Records provided
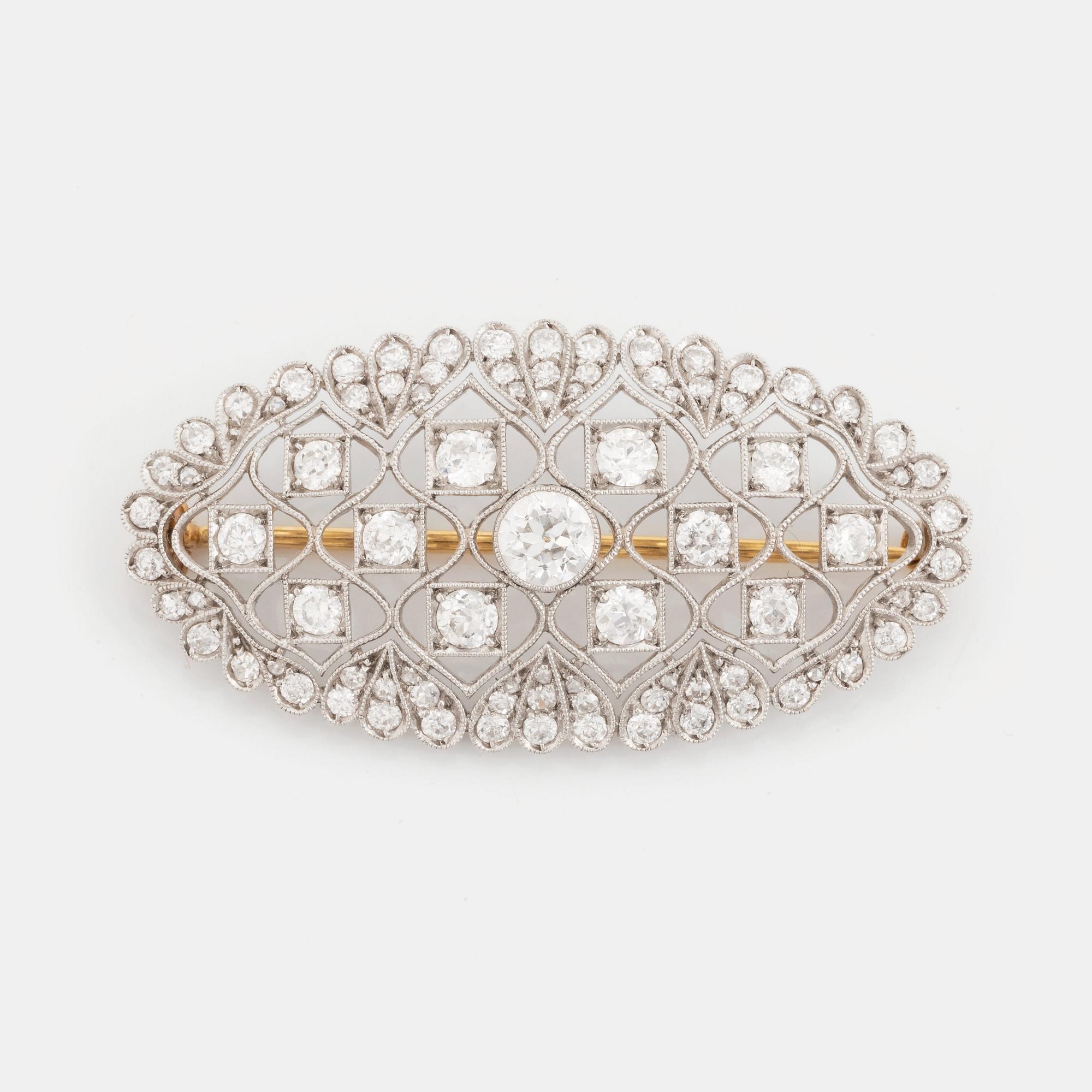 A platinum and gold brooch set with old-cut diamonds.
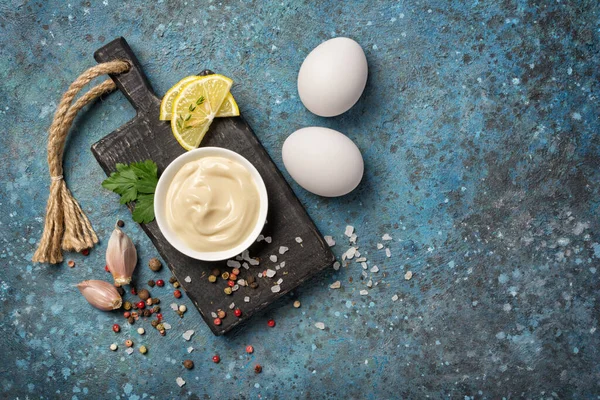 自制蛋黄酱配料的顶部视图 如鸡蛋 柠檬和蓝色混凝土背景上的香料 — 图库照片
* * *
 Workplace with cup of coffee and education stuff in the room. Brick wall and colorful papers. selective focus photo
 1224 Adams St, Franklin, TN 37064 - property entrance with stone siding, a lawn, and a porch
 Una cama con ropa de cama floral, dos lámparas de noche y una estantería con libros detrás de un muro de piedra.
...
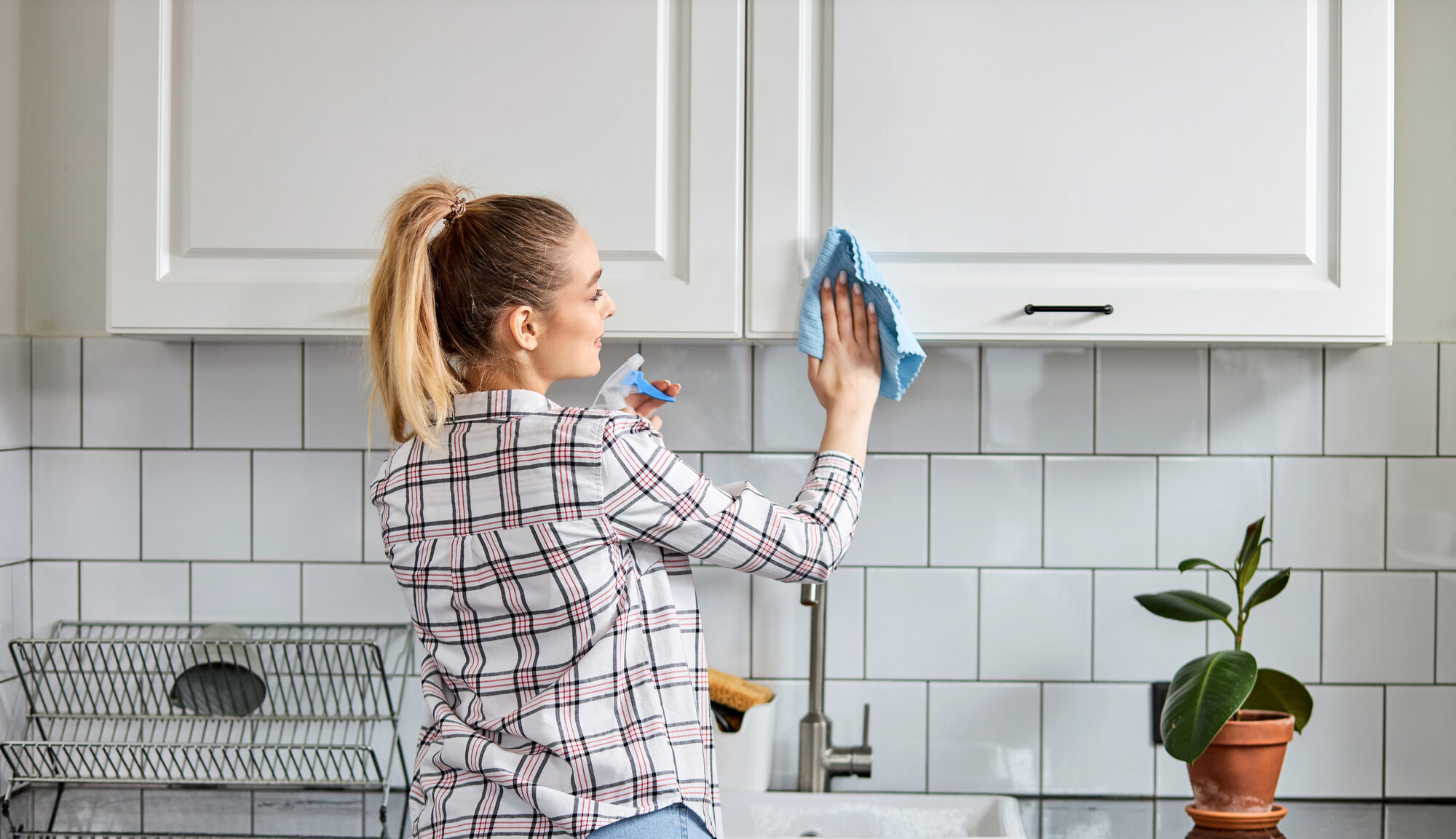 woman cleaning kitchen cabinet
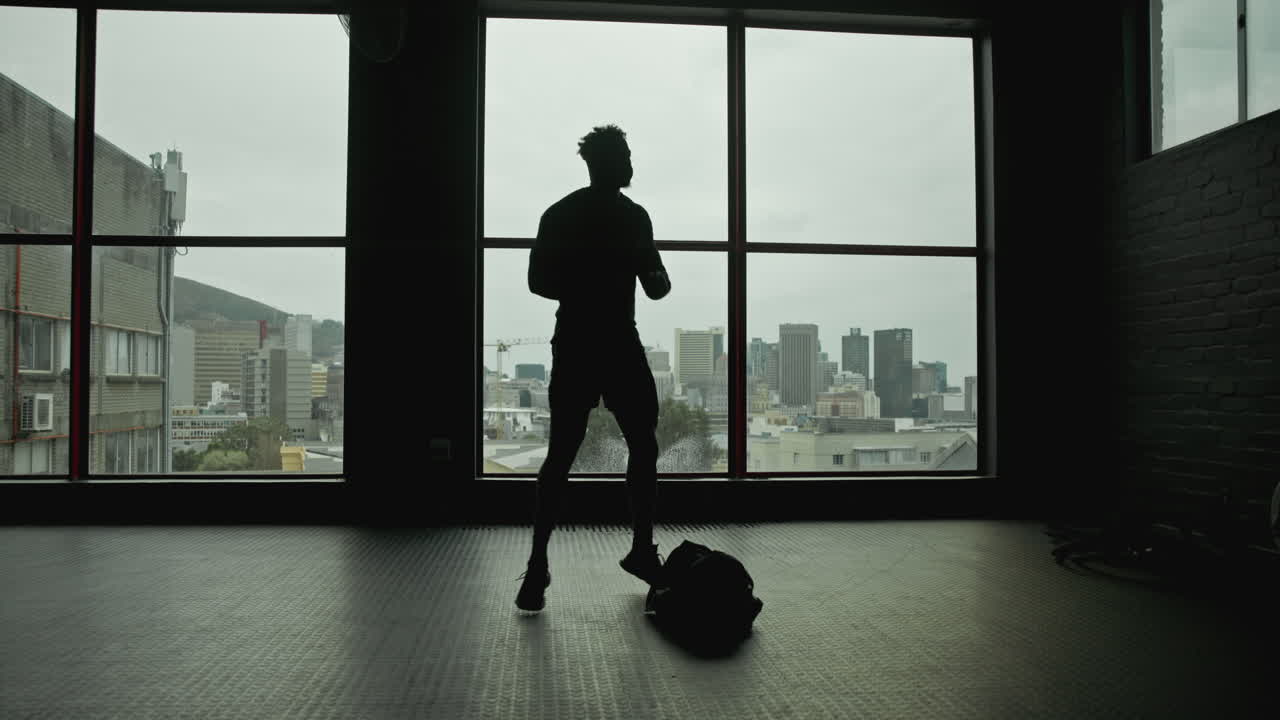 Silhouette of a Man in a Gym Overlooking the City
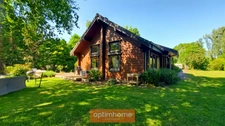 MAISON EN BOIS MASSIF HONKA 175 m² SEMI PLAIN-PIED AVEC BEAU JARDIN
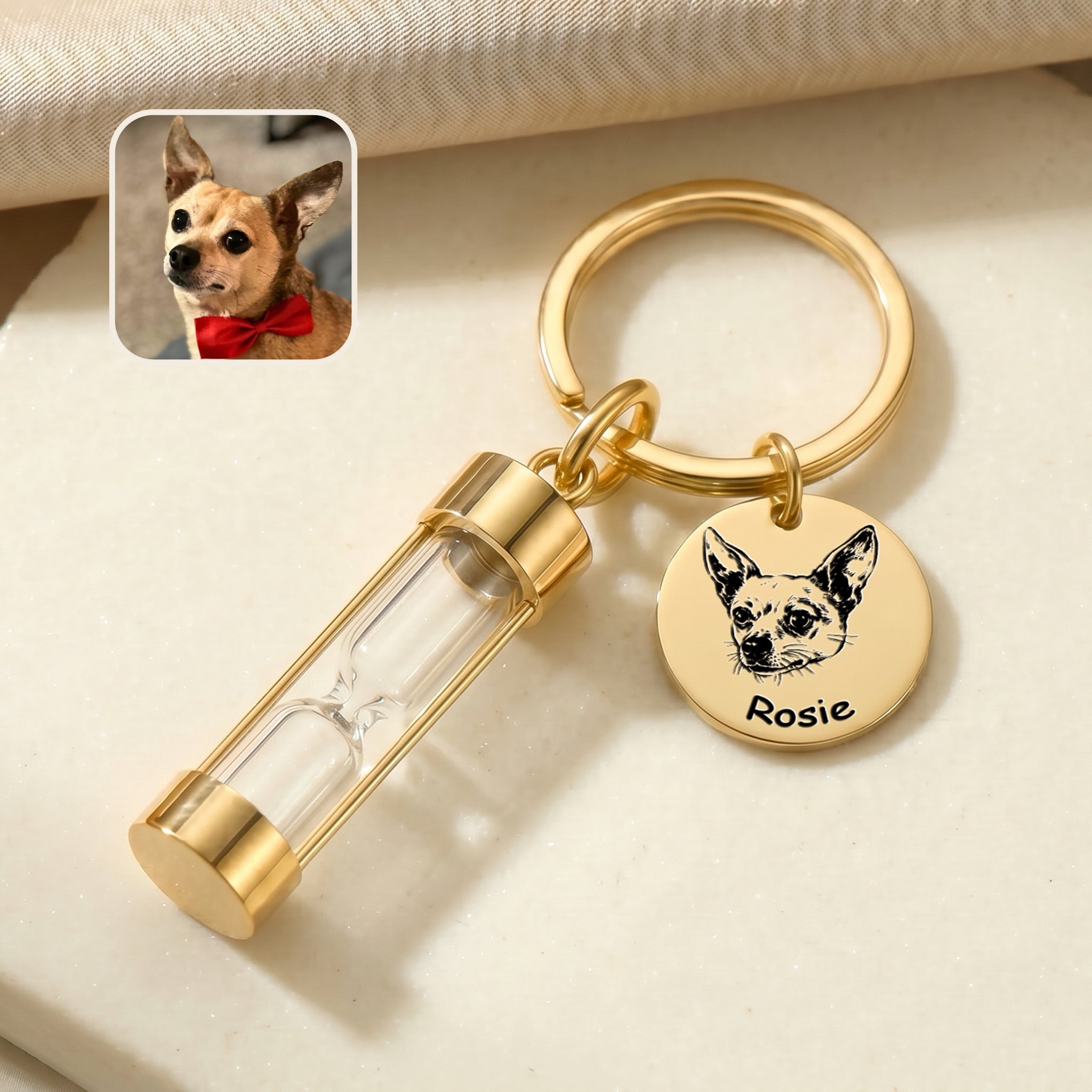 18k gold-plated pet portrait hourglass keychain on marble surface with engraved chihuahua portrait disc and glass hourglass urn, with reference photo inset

Directions
Print only what lies in the material above starting at the line with "1224 Adams St, Franklin, TN" and ending at the line with "Una cama con", every line exactly as given.

Solution to the exercise
 1224 Adams St, Franklin, TN 37064 - property entrance with stone siding, a lawn, and a porch
 Una cama con ropa de cama floral, dos lámparas de noche y una estantería con libros detrás de un muro de piedra.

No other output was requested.